_Try it_
Where a picture appears, leave it out, and transcribe all the lines below exactly.

_Stored data_
——————————

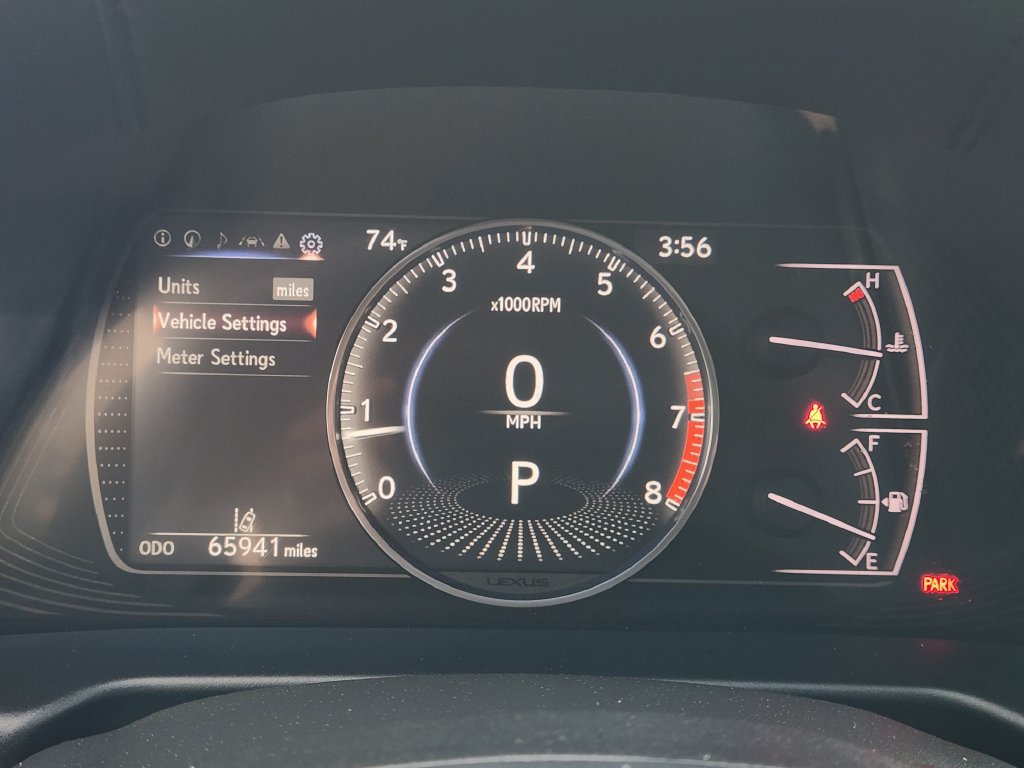 Used 2021 Lexus ES 350 Ultra Luxury w/ Accessory Package 2 FWD image 7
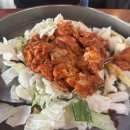 호반가든 | 가을 단풍구경 남이섬 가려다 들른 청평 드라이브 코스 청평호반닭갈비랑 제이드가든 힐링 하루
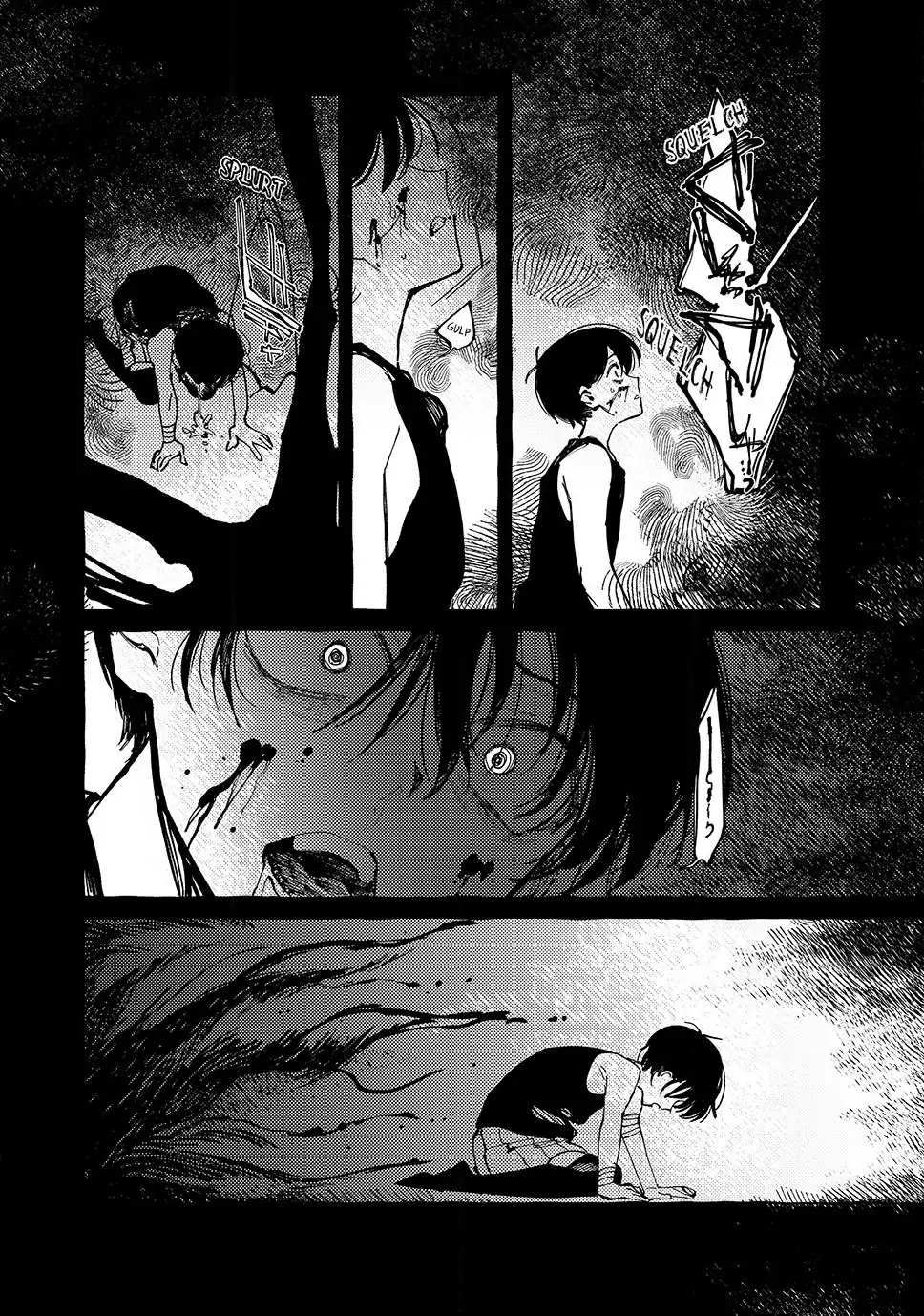 OMORI  Manga Chapter 13 page 8 - 
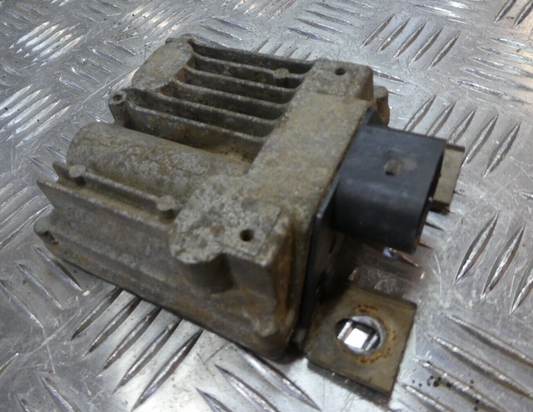 Porsche Cayenne 92A Steuergerät für 7P0906093A ORIGINAL gebraucht - kraftstoffpumpe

——————————

_Result below_
 Used 2021 Lexus ES 350 Ultra Luxury w/ Accessory Package 2 FWD image 7
 호반가든 | 가을 단풍구경 남이섬 가려다 들른 청평 드라이브 코스 청평호반닭갈비랑 제이드가든 힐링 하루
 OMORI  Manga Chapter 13 page 8 - 
 Porsche Cayenne 92A Steuergerät für 7P0906093A ORIGINAL gebraucht - kraftstoffpumpe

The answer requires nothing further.